Die dunkle Raute der Macht

Sesselkreis

Kritik an Angela Merkel ist gar nicht so leicht, denn sie ist eine richtige Streberin, die allen gefallen will mit ihrer guten Arbeit und Sauberkeit und Sachlichkeit. Merkel hat die protestantische Ethik tief ver­innerlicht, deutsche Tugenden sind ihr wichtig, sie will eine Gute sein, eine, die nicht angreifbar ist. Sie mag Deutschland, klar, aber das nationalistische Gekreische und Gezeter findet sie anstrengend und unangemessen. Immer schön in der Mitte, lächeln, winken. Diese nüchterne Sachlichkeit hat sie ins Amt gebracht und im Amt gehalten, sie war eine angenehme Vertreterin dessen, was Anfang des 21. Jahrhundert als das »Ende der Geschichte« in einer neoliberalen Sozialstaatsmassakrierung mündete. Zwar übernahm Merkel deren Erbe vom eher kämpferischen Chauvi-Politiker Gerhard Schröder, der aber selbst in diese von ihm kreierte wirtschaft­liche und soziale Alternativlosigkeit nicht mehr reinpasste. Wie so oft sind die Eigenschaften, die zur Macht bringen, genau die, die am Ende zum Ende führen.
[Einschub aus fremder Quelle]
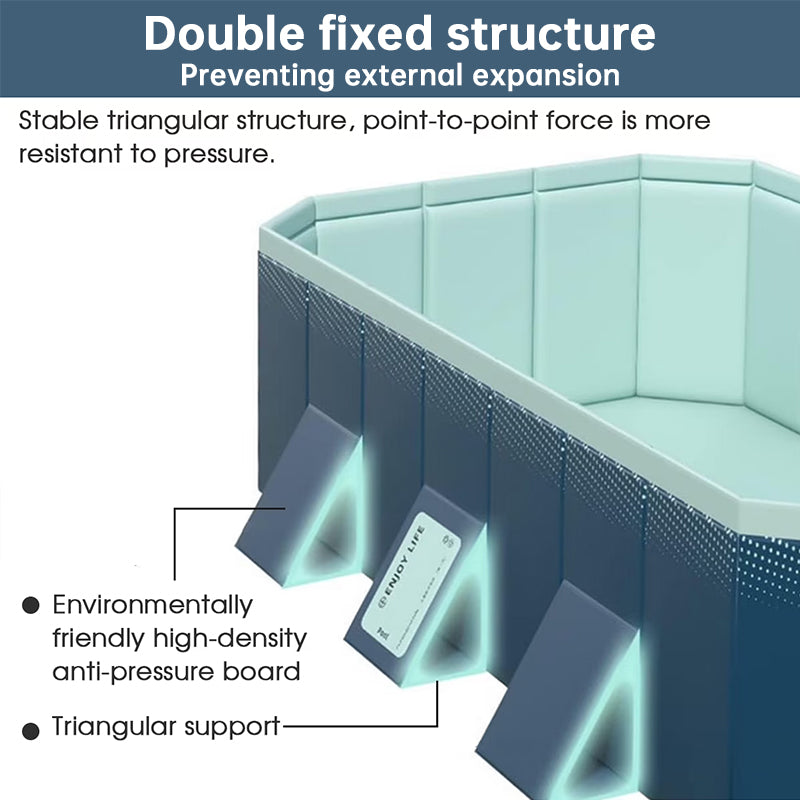 Large Foldable Rectangular Family Swimming Pool, Non-Inflatable Above Ground Pool, Easy Setup Outdoor Pool for Adults and Kids-3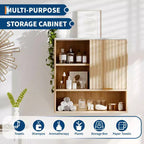 Armoire murale moderne cannelée avec porte coulissante - Dessus en faux marbre et étagère réglable, rangement courbé pour médicaments pour salle de bain, buanderie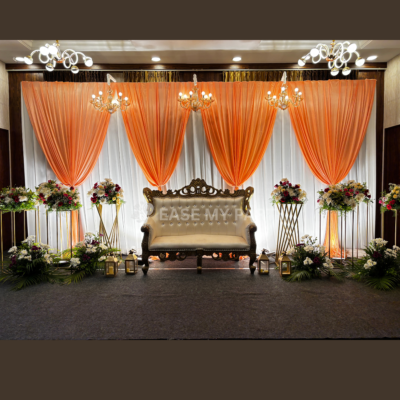 Luxury Peach Engagement Decor – Bangalore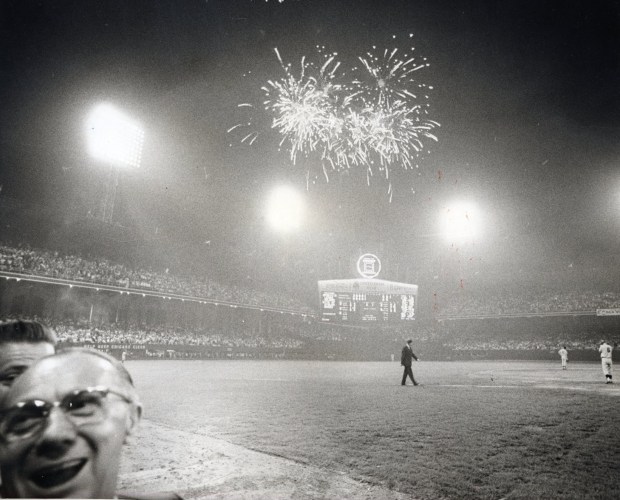 The White Sox scoreboard lights up with fireworks at Comiskey Park following a solo home run by Luis Aparicio in the 5th inning against the Yankees on Sept. 12, 1961. (UPI)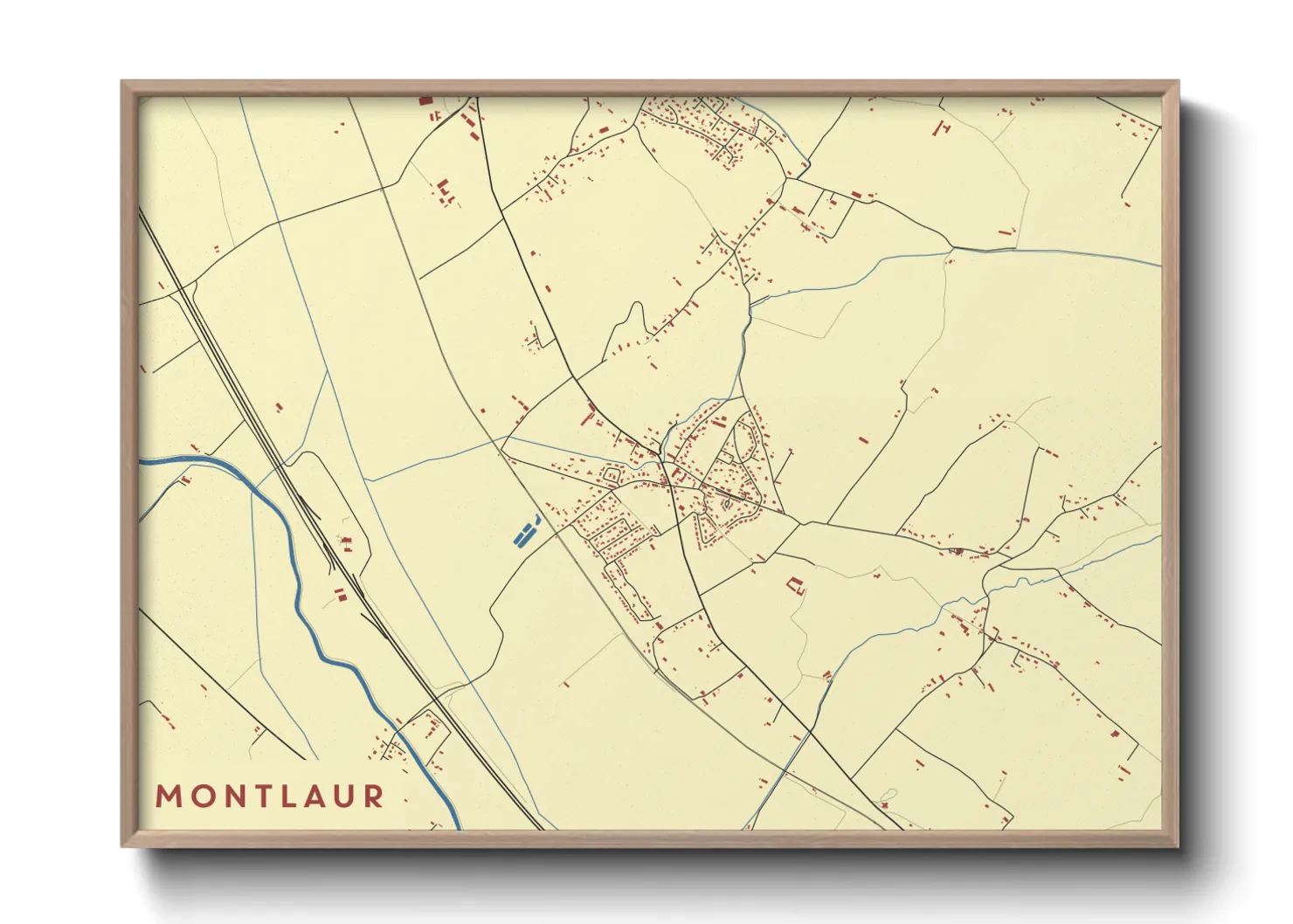 Une affiche de carte sur Montlaur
Auch bei Angela Merkel ist die nüchterne Sachlichkeit in den vergangenen Wochen und Monaten zu ­einer Farce geworden – sie schweigt, sie duldet, sie will es allen recht machen, Harmonie und Verständnis unter die Leute bringen. Fehlt nur noch, dass sie mit Horst Seehofer und Beatrix von Storch in Bautzen einen Sesselkreis macht. Aber im Kern scheint sie nicht begriffen zu haben, dass Politik so nicht funkti­onieren kann.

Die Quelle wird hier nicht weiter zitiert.